Nach der Gegenansicht setzt der betriebsverfassungsrechtliche Anspruch auf Weiterbeschäftigung die Anwendbarkeit des KSchG voraus (etwa Kania in: ErfKomm, 25. Aufl. 2025, § 102 BetrVG Rn. 33; Fitting, BetrVG, 32. Aufl. 2024, § 102 Rn. 107). Der Arbeitnehmer muss danach die Klage zumindest auch auf die Sozialwidrigkeit i.S.d. § 1 KSchG stützen (entsprechend Mauer in: BeckOK Arbeitsrecht, 74. Ed. 01.12.2024, § 102 BetrVG Rn. 24). In diesem Sinne hat auch das ArbG Hamburg entschieden (Rn. 62 ff. der Entscheidungsgründe, mit ausführlicher Darstellung des Meinungsstandes in Rn. 64). § 102 Abs. 5 Satz 1 BetrVG sei entsprechend teleologisch zu reduzieren. Ein betriebsverfassungsrechtlicher Weiterbeschäftigungsanspruch außerhalb des Anwendungsbereichs der §§ 1 Abs. 1, 23 Abs. 1 KSchG stehe nämlich im Widerspruch zur Systematik des Kündigungsschutzes sowie zum Zusammenspiel von § 102 Abs. 3 BetrVG und § 1 Abs. 2 Sätze 2 und 3 KSchG, er sei auch vom historischen Gesetzgeber nicht gewollt.

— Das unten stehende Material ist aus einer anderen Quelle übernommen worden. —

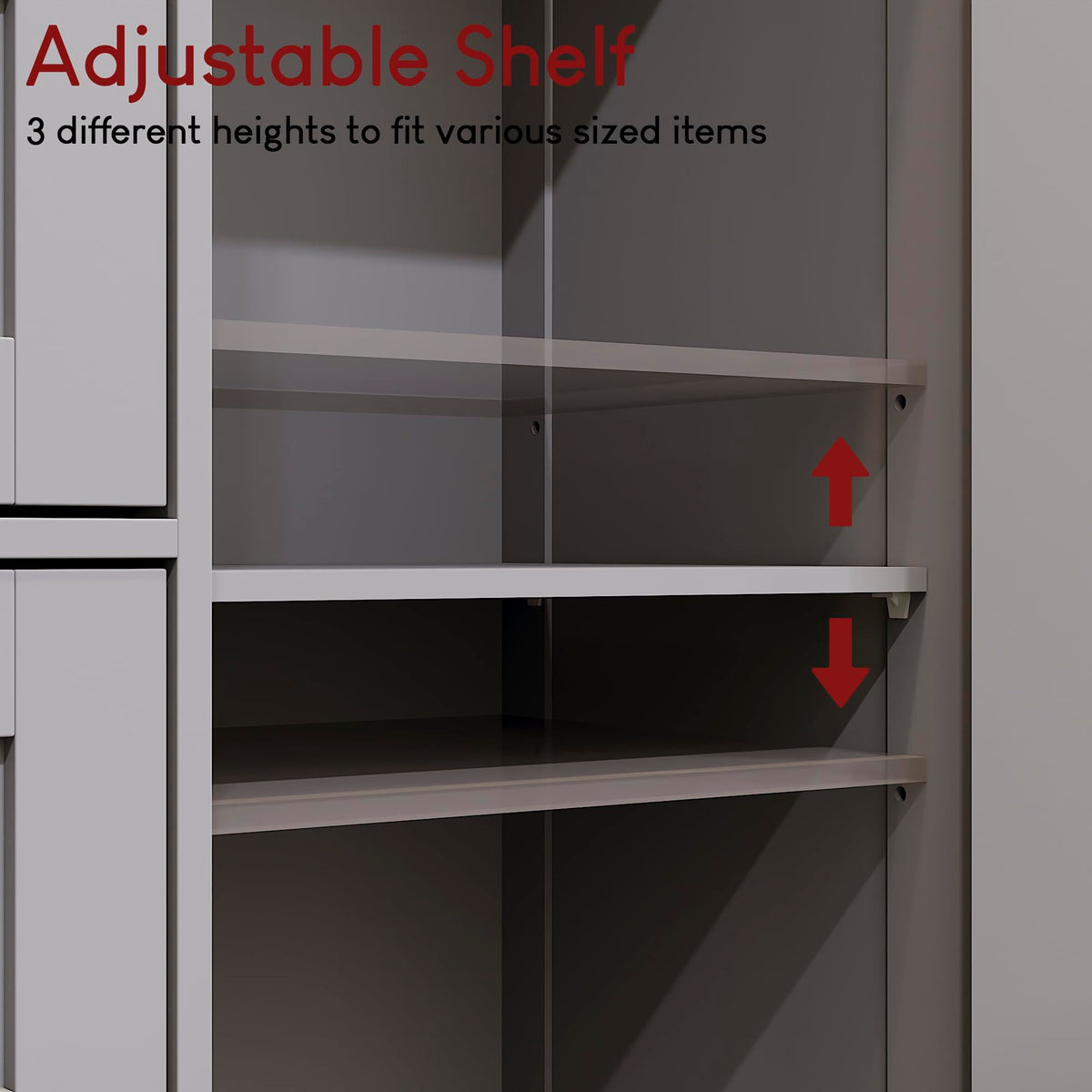 Bath Vida Priano Freestanding 4 Drawer 1 Door Bathroom Floor Cabinet, Grey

Richtig ist zwar, dass der Gesetzgeber bei der Änderung des § 4 KSchG Ende 2003 wohl nicht bedacht hat, dass sich die Widerspruchsgründe des § 102 Abs. 3 BetrVG an der Sozialwidrigkeit des § 1 Abs. 2 Sätze 2 und 3 KSchG orientieren (Koch in: APS, § 102 BetrVG Rn. 205; Rinck in: KR, § 102 Rn. 273). Dennoch führt das nicht zu der vom ArbG Hamburg befürworteten teleologischen Reduktion des § 102 Abs. 5 Satz 1 BetrVG, die keineswegs geboten ist. Denn die Regelung in § 102 BetrVG dient nicht nur dem Individualinteresse des Arbeitnehmers an der Aufrechterhaltung seines Arbeitsverhältnisses. Nicht weniger wichtig ist die kollektivrechtliche Bedeutung der Vorschrift. Diese soll neben dem Schutz des einzelnen Arbeitnehmers auch den Einfluss des Betriebsrats auf die Zusammensetzung der Belegschaft gewährleisten und dient deshalb in erheblichem Maße auch den Belangen der Belegschaft insgesamt (vgl. BAG, Urt. v. 13.07.1978 - 2 AZR 798/77 Rn. 20). Das bedeutet aber zugleich, dass sich aus der Regelung des Kündigungsrechts keine zwingenden Schlüsse auf eine entsprechende Rechtslage im betriebsverfassungsrechtlichen Bereich ziehen lassen, auch wenn Individual- und Kollektivschutz im Rahmen von § 102 BetrVG eng miteinander verknüpft sind (vgl. BAG, Urt. v. 13.07.1978 - 2 AZR 798/77 Rn. 21). Die Belange der Belegschaft wiegen bei einer Kündigung aus sonstigen Gründen nicht weniger schwer als bei einer sozialwidrigen Kündigung.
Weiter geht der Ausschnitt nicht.